France | France, Cour administrative d'appel de Marseille, 2ème chambre, 06 octobre 2022, 21MA03220


Vu la procédure suivante :

Procédure contentieuse antérieure :

M. A... C... a demandé au tribunal administratif de Marseille d'annuler la décision implicite de rejet née du silence gardé par le maire de Simiane-Collongue sur sa demande, adressée le 22 novembre 2018, tendant à requalifier ses contrats conclus depuis le 1er septembre 2004 en contrats à durée déterminée, d'enjoindre à la commune de Simiane-Collongue de procéder à la requalification de ses contrats de vacataire au 1er septembre 2004, de condamner celle-ci à lui verser la somme de 31 611,15 euros en r

éparation des préjudices subis du fait de son statut de vacataire et de mett...

Vu la procédure suivante :

Procédure contentieuse antérieure :

M. A... C... a demandé au tribunal administratif de Marseille d'annuler la décision implicite de rejet née du silence gardé par le maire de Simiane-Collongue sur sa demande, adressée le 22 novembre 2018, tendant à requalifier ses contrats conclus depuis le 1er septembre 2004 en contrats à durée déterminée, d'enjoindre à la commune de Simiane-Collongue de procéder à la requalification de ses contrats de vacataire au 1er septembre 2004, de condamner celle-ci à lui verser la somme de 31 611,15 euros en réparation des préjudices subis du fait de son statut de vacataire et de mettre à la charge de cette commune une somme de 2 000 euros au titre des frais du litige.

Par un jugement n° 1902422 du 31 mai 2021, le tribunal administratif de Marseille a :

- annulé la décision implicite du maire de Simiane-Collongue rejetant la demande de requalification des contrats de vacation de M. C... du 22 novembre 2018 ;

- enjoint à la commune de Simiane-Collongue de requalifier les décisions d'engagement de M. C... en qualité de vacataire à compter du 1er septembre 2004 en contrats à durée déterminée, dans un délai de trois mois à compter de sa notification ;

- condamné la commune de Simiane-Collongue à verser à M. C... une réparation financière calculée en fonction des modalités définies au point 8 de son jugement, ainsi que la somme de 4 200 euros au titre du préjudice moral ;

- mis à la charge de la commune de Simiane-Collongue la somme de 1 400 euros à verser à M. C... au titre de l'article L. 761-1 du code de justice administrative.

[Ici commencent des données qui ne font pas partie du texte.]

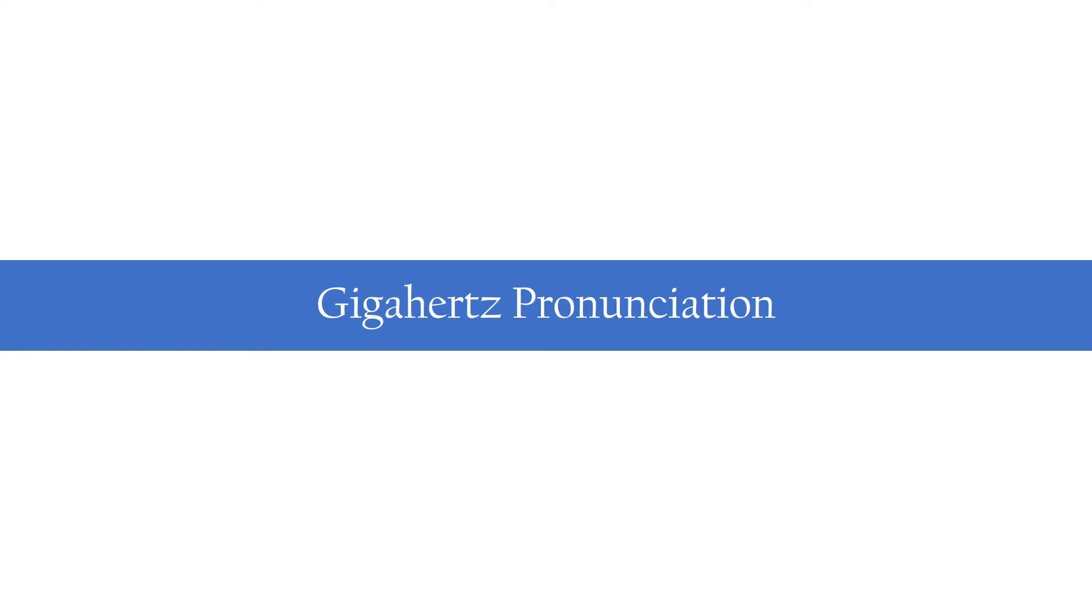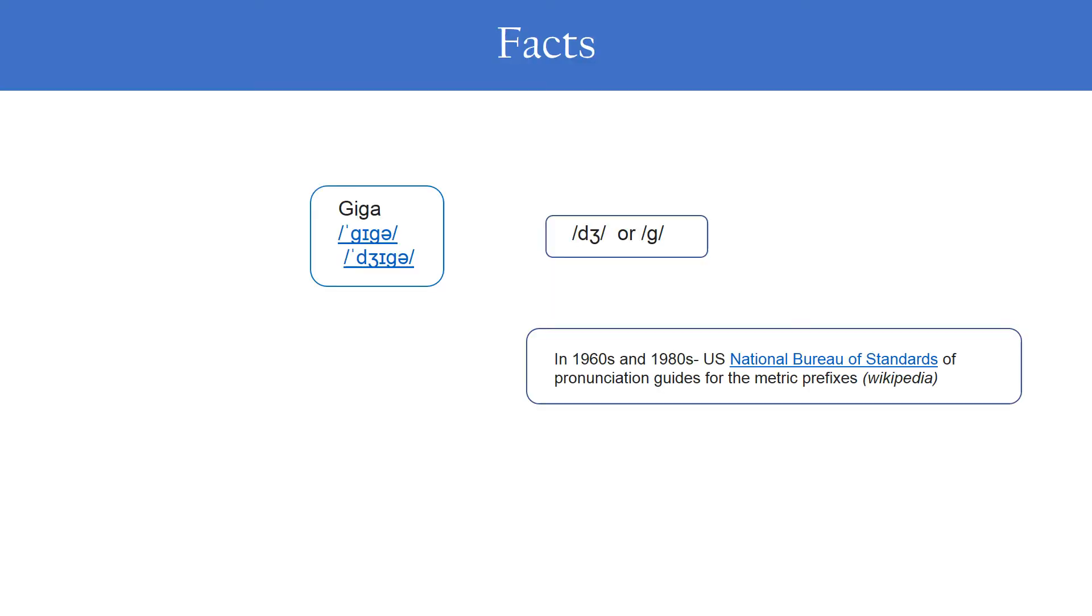Sometimes we may hear it as gigahertz, or sometimes as gigahertz. So it made me curious and I did a quick check on the internet to find out what the correct pronunciation of GHz should be.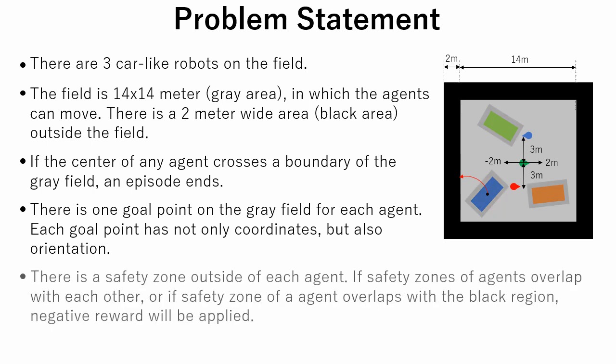There is a safety zone outside of each agent. If safety zones of the agents overlap with each other, or if a safety zone of an agent overlaps with the black region, a negative reward will be applied. So, agents should head to the goal without colliding with each other.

Procédure devant la cour :

Par une requête et un mémoire, enregistrés le 30 juillet 2021 et le 5 avril 2022, la commune de Simiane-Collongue, représentée par la SCP Lesage Berguet Gouard-Robert, demande à la cour :

1°) d'annuler ce jugement du 31 mai 2021 ;

2°) de rejeter la demande présentée par M. C... devant le tribunal administratif de Marseille ;

3°) de mettre à la charge de M. C... la somme de 1 600 euros en application des dispositions de l'article L. 761-1 du code de justice administrative.

Elle soutient que :

En ce qui concerne la demande de requalification des contrats de vacation :

- le tribunal a prononcé la requalification des contrats de vacataire signés avec M. C... sans procéder à l'examen particulier de la situation de celui-ci ;

- la situation irrégulière de M. C... au regard des règles de cumul d'emplois publics interdit toute requalification de son contrat ;

En ce qui concerne les préjudices :

- c'est à tort que le tribunal a accordé à M. C... une réparation financière sans que celui-ci n'ait établi la réalité de l'existence d'une perte financière ;

- M. C... devra justifier de la régularité du cumul d'activités auquel il s'est livré ;

- sur le quantum du préjudice : l'indemnisation susceptible d'être allouée à M. C... ne peut être calculée que sur la base du traitement net et non sur la base du traitement brut alloué à l'agent ; conformément au jugement attaqué, l'indemnisation susceptible d'être allouée ne pourra être calculée que sur la base de l'indice de rémunération correspondant au premier échelon de la grille indiciaire des assistants territoriaux d'enseignement artistique de première classe ; il conviendra de tenir compte des congés payés à hauteur de 10% de son traitement, alloués par la commune de Simiane-Collongue ; s'agissant du supplément familial de traitement et de l'indemnité de résidence, il appartiendra à M. C... de justifier qu'il ne bénéficie pas de ces indemnités par ailleurs en sa qualité de titulaire au sein d'une autre collectivité.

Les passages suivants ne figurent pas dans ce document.